We will use approximately 130,000 German-language Wikipedia articles as a dataset. The dataset was obtained from the Wikimedia dump service, processed, and prepared for the purposes of the workshop.
The complete dataset can be accessed on the workshop Google Drive (data folder).
The dataset is structured in JSON format. Check out the official documentation for information on how to work with JSON-formatted data.
Each object has the following keys:
title
intro
intro_len_char
intro_len_token
body
body_len_char
body_len_token
gold_kws
Keys: keyword lemmas (normalized keyword, e.g. "Schweiz") and their respective counts
Values: keyword lemmas and, if applicable, running forms (alternative forms that appear in the article, e.g. "Schweizer" as a running form of the lemma "Schweiz"), and their respective counts
num_kws_lemma
num_kws_all
noisy_kws
Gold keyword lemmas and added noisy keywords
num_noisy_kws
Sum of gold keyword lemmas and added noisy keywords
The example below represents a single article:
{
"title": "Aussagenlogik",
"intro": "Das ist die Einleitung.",
"intro_len_char": 23,
"intro_len_token": 5,
"body": "Das ist der spannende Haupttext.",
"body_len_char": 29,
"body_len_token": 6,
"gold_kws": {
"Logik": {"Logik": 3, "logischer": 8},
"Wahrheit": {"Wahrheit": 5}
},
"num_kws_lemmas": 2, # Logik, Wahrheit
"num_kws_all": 3, # Logik, logischer, Wahrheit
"noisy_kws": ["Logik, "Wahrheit", "Ausrede", "Logic
Pro"], # noisy = Ausrede, Logic Pro
"num_noisy_kws": 4 # 2 gold lemmas + 2 added noisy
}
You may follow our steps for creating the gold standard corpus by accessing and running the following notebooks, which are also available on the workshop Google Drive (notebooks folder):
corpus_overview.ipynb: examine corpus characteristics (e.g. mean character and token counts)

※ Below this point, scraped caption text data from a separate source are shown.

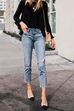Street Style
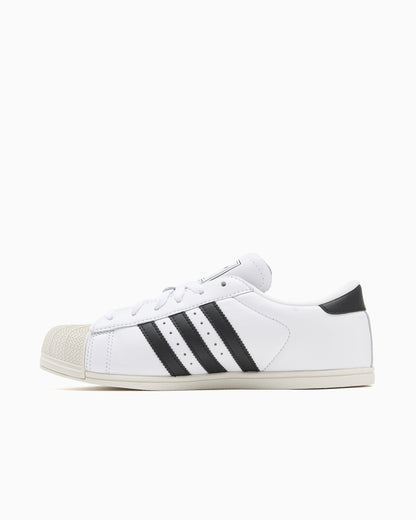 adidas Originals Women's Superstar Lo Pro KK0427 — 3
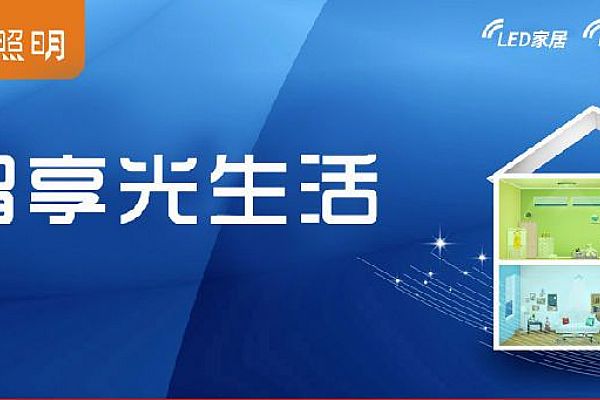 浙江阳光照明电器集团股份有限公司实现企业数据双向流通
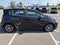 2017 Chevrolet Sonic LT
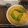 Abdullah Hussain's cooksnap of when they made Chicken malai handi 🤤.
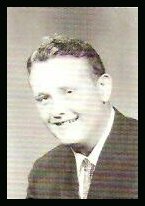 {short description of image}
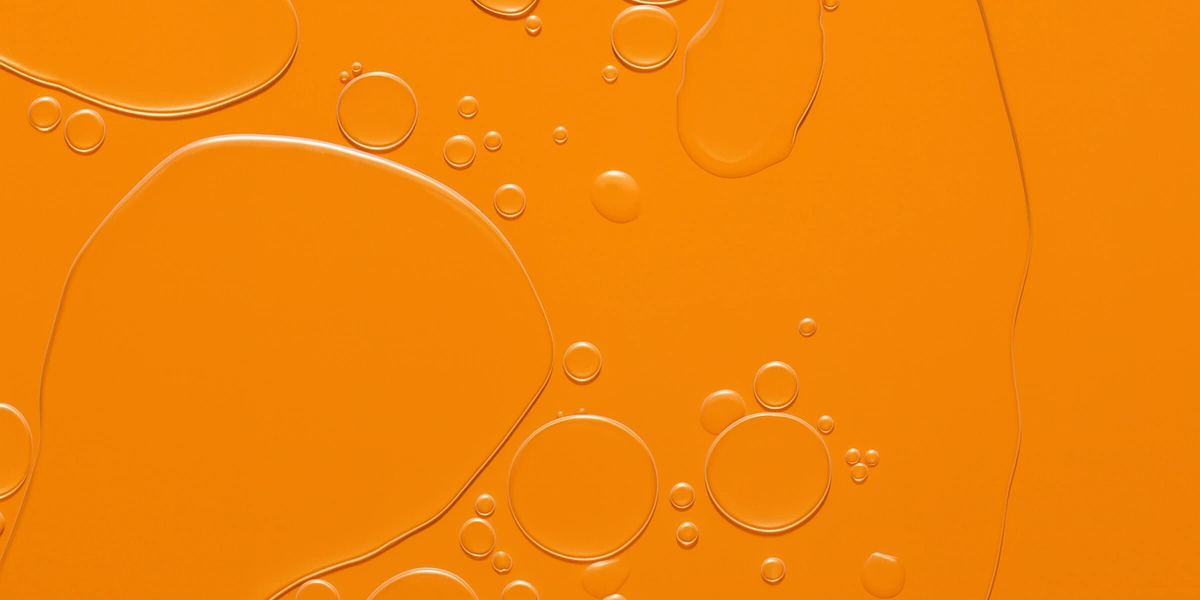 Ретинол — SOS-средство для&nbsp;кожи или?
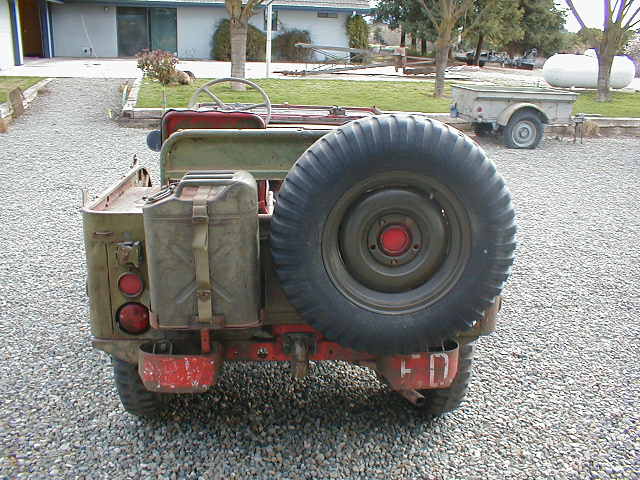 P3010090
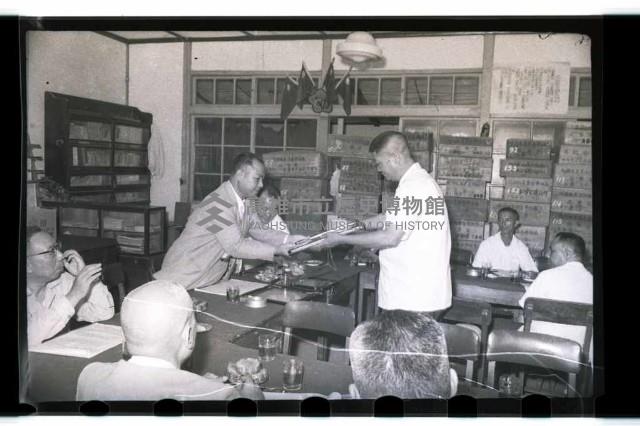 登錄號:KH2002.012.0182藏品圖，第1張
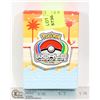 Image 1 : POKEMON WORLD CHAMPIONSHIPS 2017 BOOSTER DECK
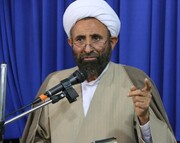 مرزبندی‌های سیاسی باید جای خود را به شاخصه اصلی نظام یعنی انقلابی‌گری بدهد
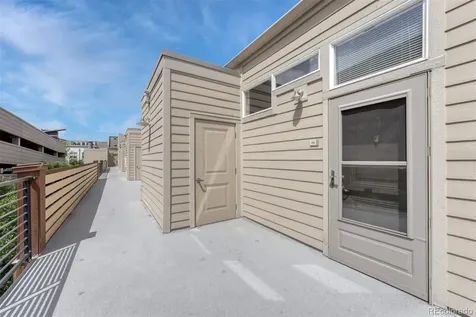7240 W Custer Avenue Lakewood CO 80226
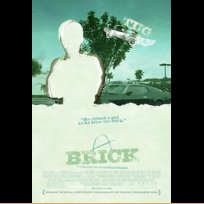 Brick 2005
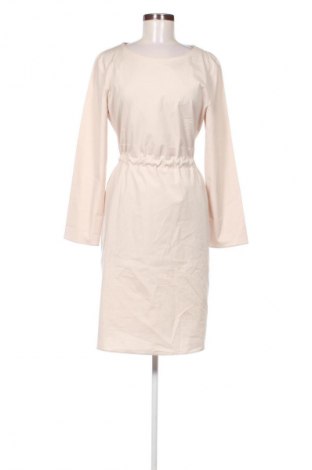 Šaty  COS, Veľkosť L, Farba Béžová, Cena  25,95 €
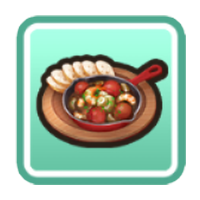 Ajillo icon
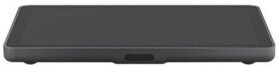 Logitech Tap IP, Black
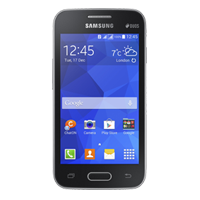 Réparation de Téléphone Portable Galaxy Ace 4 (G313)  Samsung dans la ville de Albi - 81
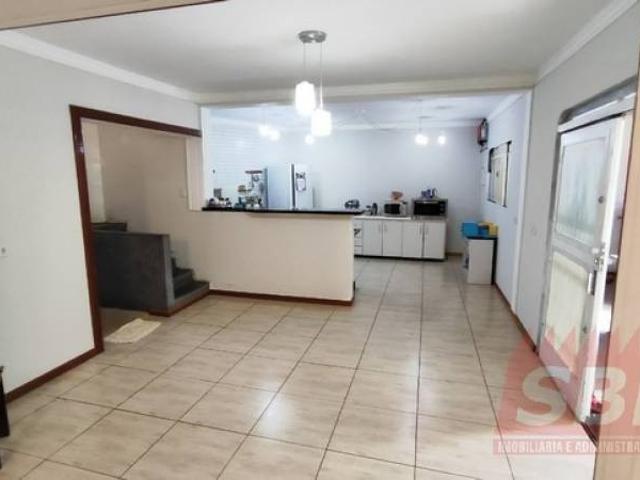 Casa venda em Região Imediata de Jaú, Barra Bonita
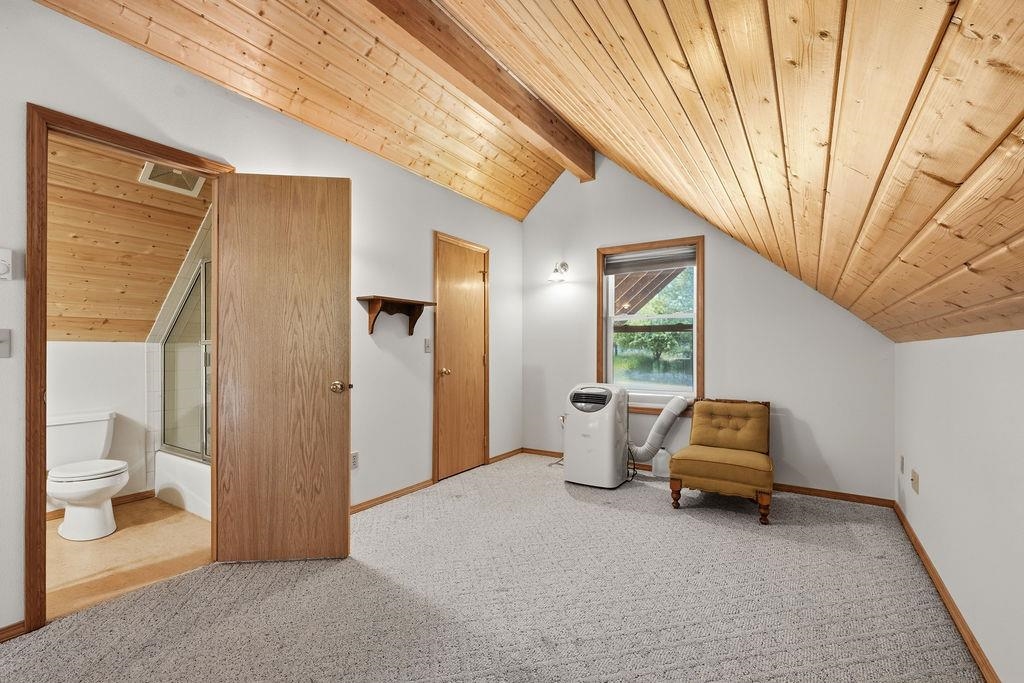 149 E Chippewa Ave - Photo 24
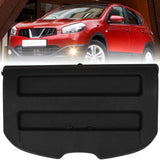 Poliță portbagaj pentru Nissan Qashqai 1 J10 2007–2014 – 79910-JD00C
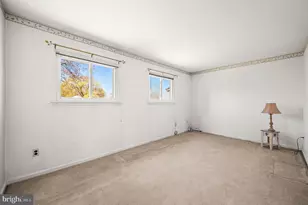 1006 N York Rd, Willow Grove, PA 19090 - Photo 18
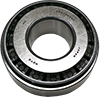 Toyota 8 Inch V6 Inner Pinion Bearing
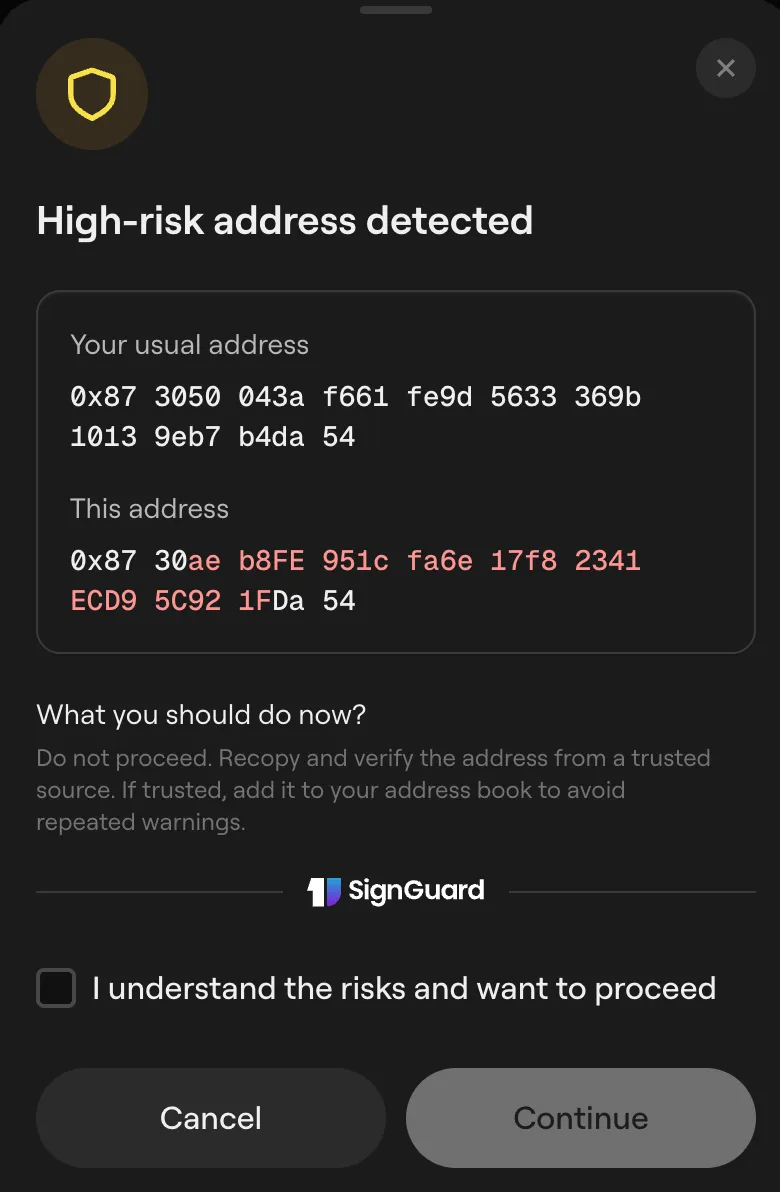 one-key-browser-6.2.1-2032d417.png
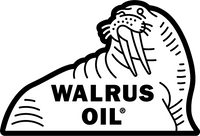 Walrus Oil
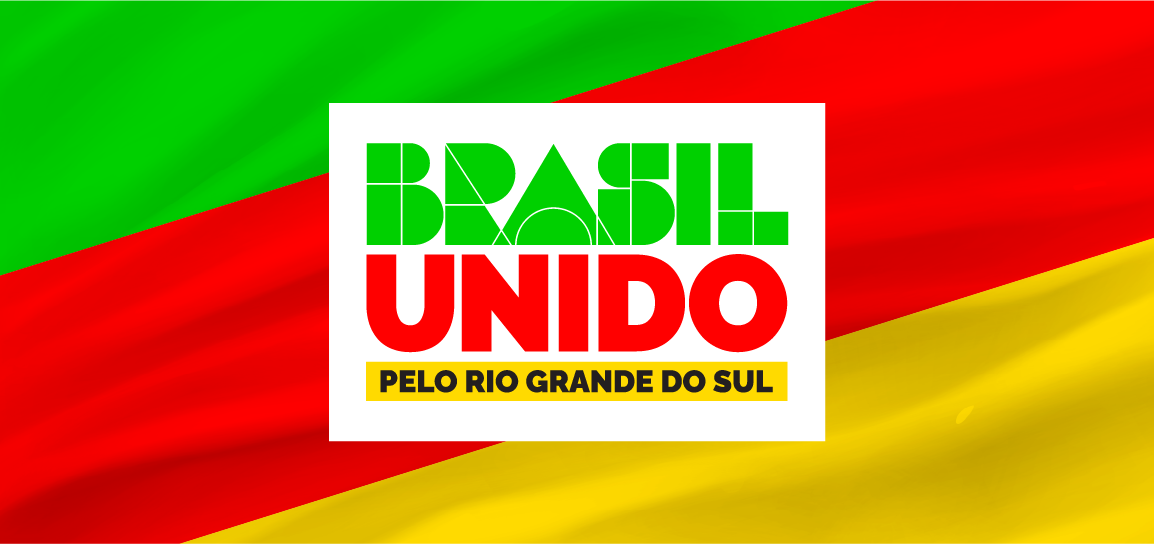 Governo Federal libera pagamento do Apoio Financeiro aos trabalhadores gaúchos nesta segunda-feira (8)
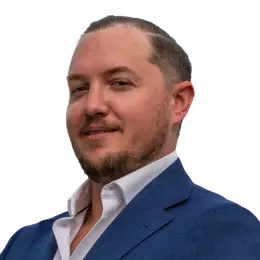 Shawn Witter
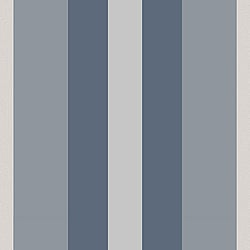 Galerie Wallcoverings Product Code: 9026 - Fibra Wallpaper Collection Galerie Wallcoverings Product Code 9026 - Fibra Wallpaper Collection -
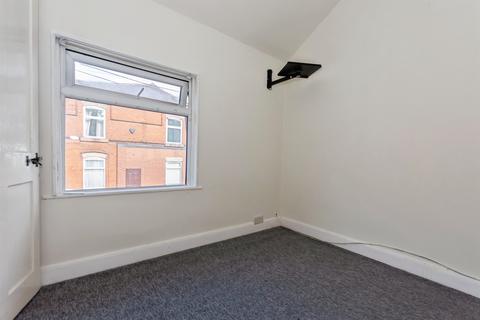 2 bedroom terraced house for sale, Lincoln Road, Birmingham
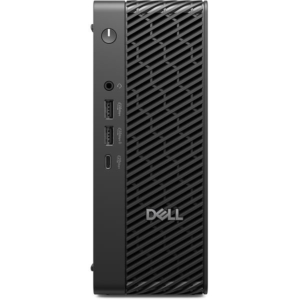 DELL PRO MAX MI FCM2250
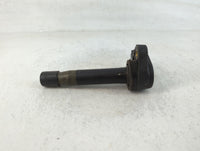 2000-2003 Honda Accord Ignition Coil Igniter Pack - Oemusedautoparts1.com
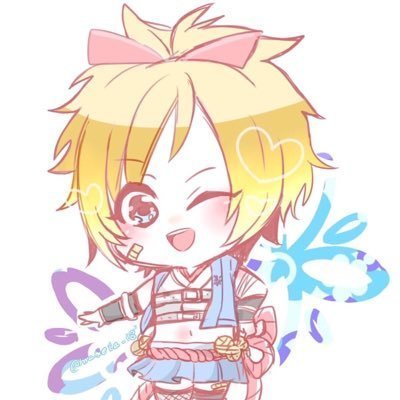 あぎゅ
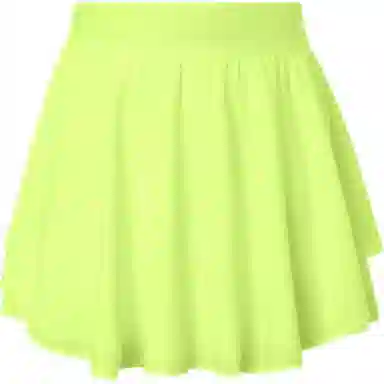 lululemon Courtcore Swift Court Rival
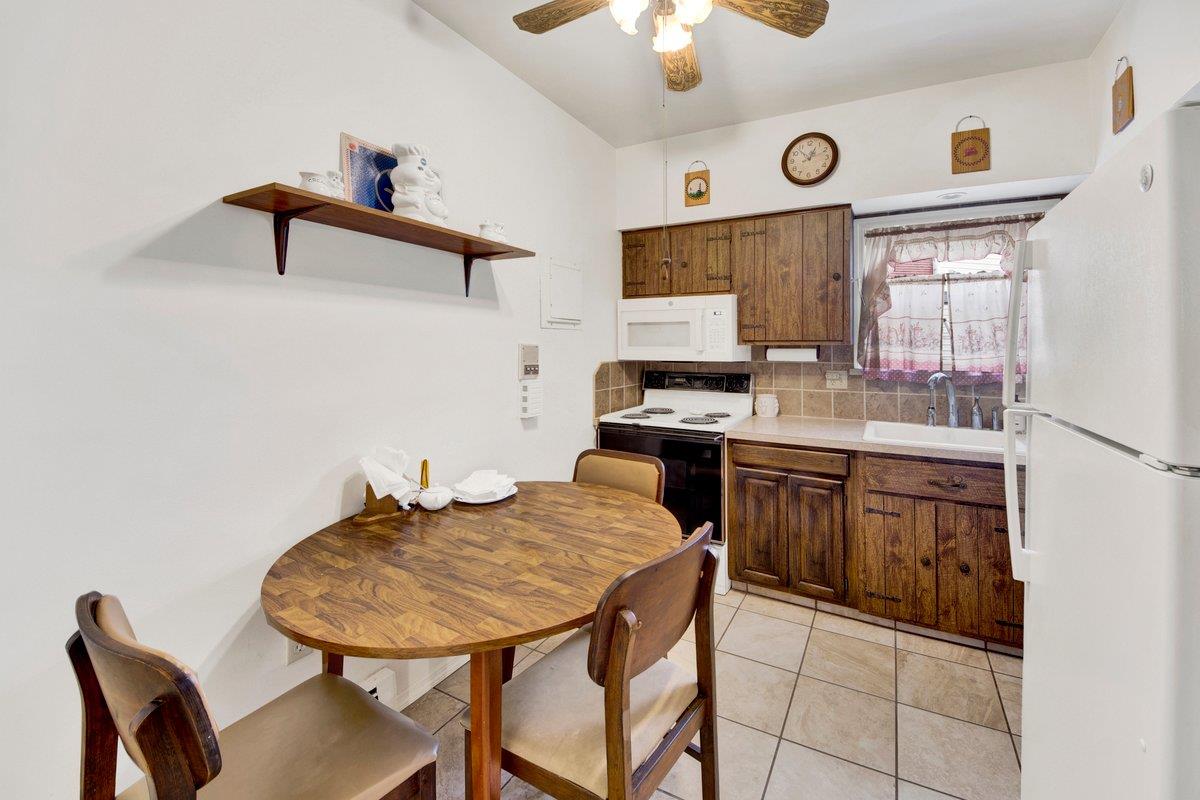 1455 Kennellworth Place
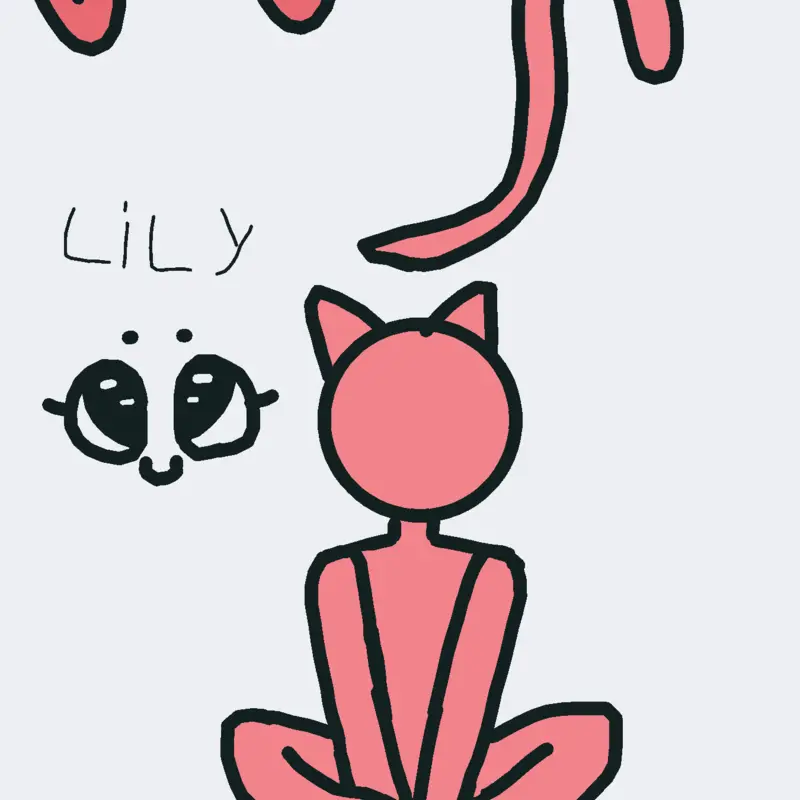 Game by @trashyFurryWhore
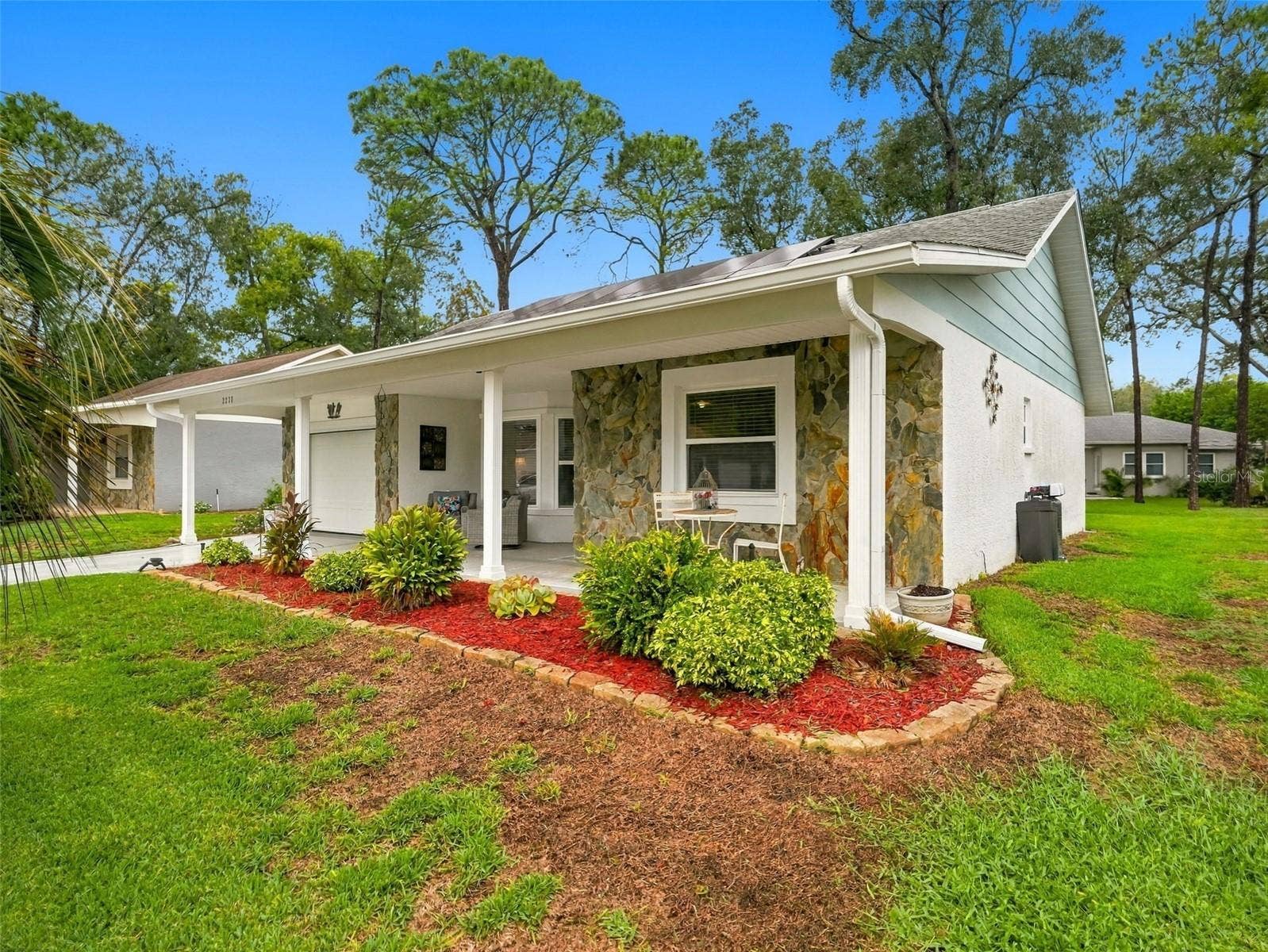 2277 PEBBLE BEACH DRIVE, Spring Hill, FL 34606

build_corpus.ipynb: filter texts to build dataset
In order to model real world data, we added noise to the gold standard keywords. We did this by automatically extracting keyword phrases using an implementation of TextRank and named entity recognition.
You can use the noisy keywords as a starting point on which you can test your own keyword consolidation methods to improve the quality of the keyword phrases, i.e. remove the noisy data. This could include removing very similar keywords, repairing incorrect segmentation or resolving coreferences.